Semburan api yang mengejutkan para Eee, membuat mereka terbang menjauh. Para penunggang gagal membidik dan melesatkan anak panah karena hewan terbang itu takut dengan api. Laksamana Noh yang melihat dari atas menara melebarkan mata saat para Eee kini diserang dengan lesatan anak panah berujung api. Serangan anak panah api dari Tur yang gagal mengenai target, bergerak turun dan menancap di tanah. Hal itu, membuat padang rumput terbakar. Warga dari desa tempat Lon dulu tinggal panik karena mereka dikejutkan oleh kobaran api yang tiba-tiba menghadang ketika hendak berlari ke benteng Vom.
"Hem, kalian cerdik. Aku penasaran, siapa pemimpin pasukan Tur sekarang," ucap Laksamana Noh memuji di balik teropongnya.
"Laksamana! Pasukan Eee tak bisa menjatuhkan balon udara. Para prajurit Tur berhasil memperbaiki benda itu dengan menambal bagian yang berlubang menggunakan lendir dan menutupnya menggunakan kulit Kkk. Sepertinya, mereka telah mempelajari cara kerja balon udara kita!" ucap salah satu penunggang Eee melaporkan dari hasil serangannya yang gagal.
"Hem, cerdik. Aku semakin bersemangat. Baiklah jika demikian. Biarkan mereka datang kemari. Tarik mundur semua pasukan Eee! Bawa warga desa Lon yang selamat ke hutan. Biarkan mereka menjaga diri sampai kita selesai menyingkirkan para perusuh itu!" tegas sang Laksamana yang bersiap turun dengan melilitkan tali di pinggang.
"Baik, Laksamana!" jawab kapten penunggang Eee tersebut lalu kembali terbang untuk mengabarkan kepada timnya.
Laksamana Noh dengan sigap melompat dari jendela menara tanpa penutup tersebut. Ia berayun layaknya sedang berada di kapal menggunakan tali tambang yang diikat pada tiang penyangga. Para prajurit Vom yang berjaga di atas benteng tertegun melihat aksi pemimpin mereka yang tak takut padahal berada di ketinggian. Noh berhasil mendarat dan berdiri tegak dengan pedang dalam genggaman tangan kanan.
BRUK!
"Jangan diam saja, Bodoh! Jika sampai ada satu saja balon udara melewati benteng, aku tak segan berbuat keji seperti Raja Tur dengan menggantung kalian di benteng!" teriak Laksamana Noh yang membuat para pendengarnya bergidik ngeri seketika.
Tanpa menjawab ancaman sang Laksamana, para prajurit penjaga benteng dengan sigap mengangkat busur panah dan membidik tiga balon udara yang datang ke arah benteng. Pasukan Eee yang berhasil selamat dari serangan balasan pasukan Tur, dengan cekatan menangkap beberapa warga dan diajak naik ke punggung Eee. Mereka mengamankan warga di dalam hutan di mana tempat itu telah dipasang perangkap jikalau ada musuh pengikut Raja Tur berusaha menyerang.

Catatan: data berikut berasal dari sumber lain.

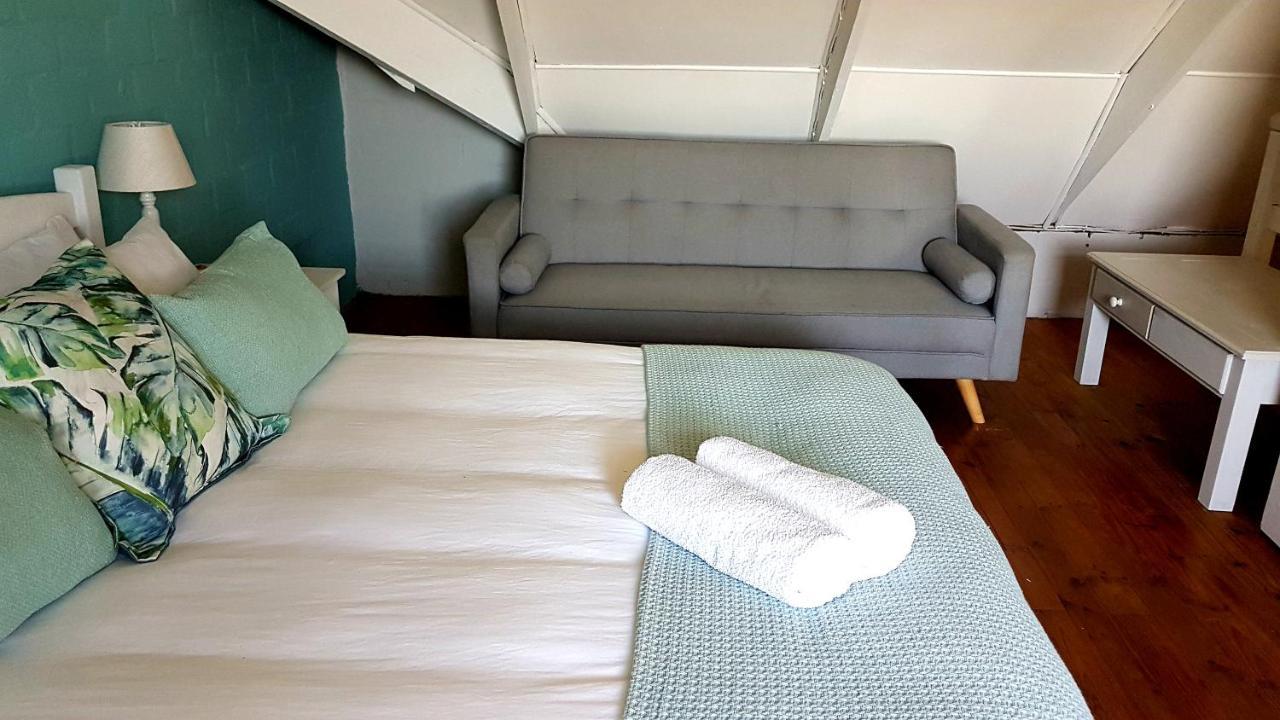 West Coast Seaside Getaway Hotel Grotto Bay Eksteriør billede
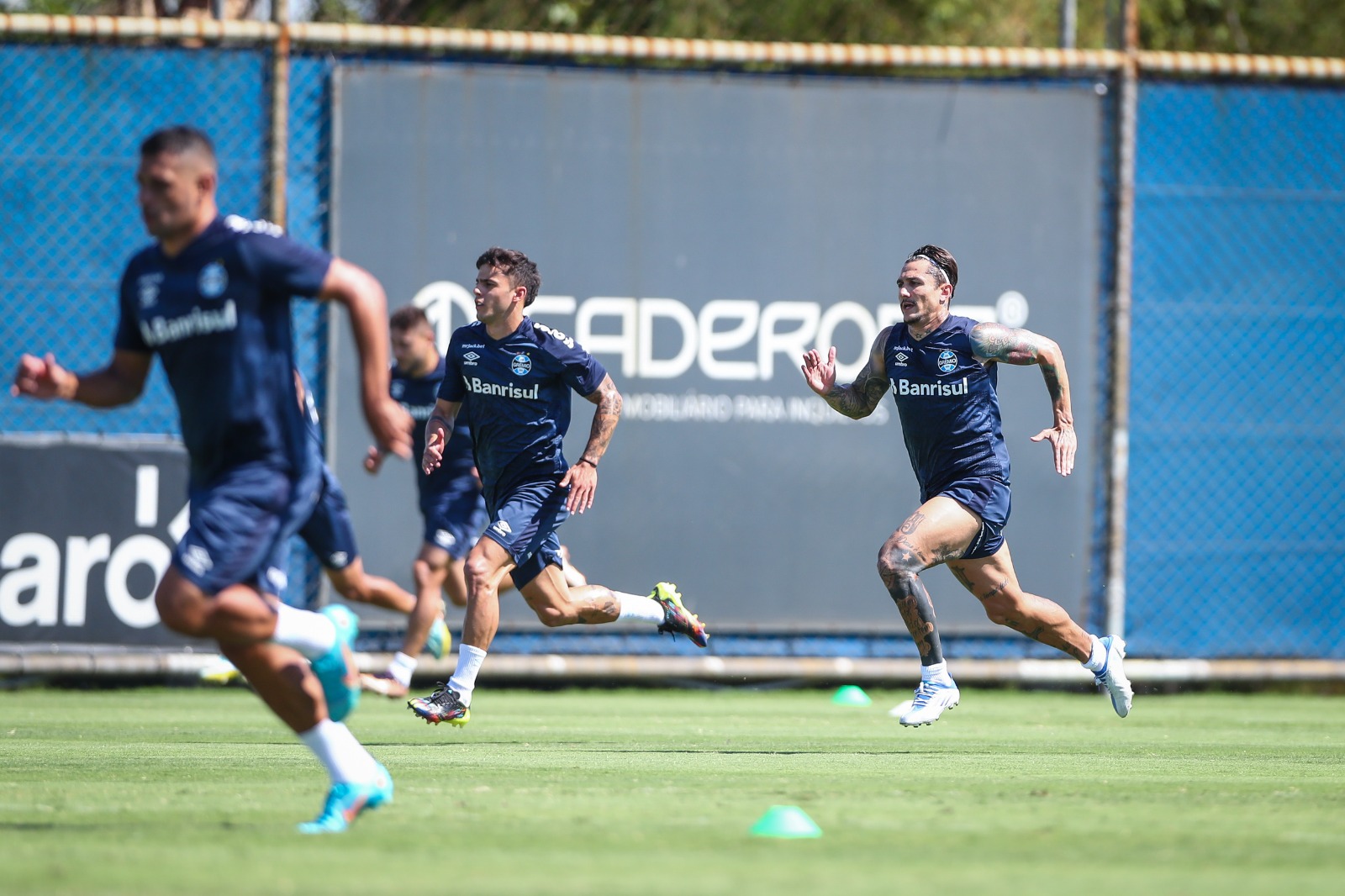 Grêmio se reapresenta após assegurar classificação para semifinal do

"Te-terima kasih," ucap salah seorang penduduk yang tak bisa menutupi ketakutan di wajah saat ia diturunkan oleh penunggang Eee.
"Lakukan seperti yang pernah diajarkan oleh Lon kepada kalian. Jangan manja!" tegas penunggang itu yang membuat pria tersebut mengangguk paham seraya mendekap sebuah buntalan.
Para penunggang Eee kembali terbang meninggalkan hutan untuk membantu Laksamana Noh menyingkirkan pasukan Tur.
"Ayo, bersiap! Mereka bisa menyerang kita kapan saja!" ucap pria itu yang tak lain adalah kepala desa.
"Baik!" jawab orang-orang serempak dan bergegas membuka penutup dari papan kayu berlapis semak di atasnya.
Di bawah sana, terdapat semacam bunker hasil pemikiran Kiarra kala itu. Kiarra meminta agar ruangan tersebut disediakan persenjataan dan beberapa air dalam tong-tong kayu sebagai persediaan. Para orangtua, wanita dan anak-anak bersembunyi di dalam bunker sederhana. Sedangkan para pria dewasa, bersiap untuk menyerang di balik lubang-lubang galian yang ditutupi semak dengan senjata dalam genggaman.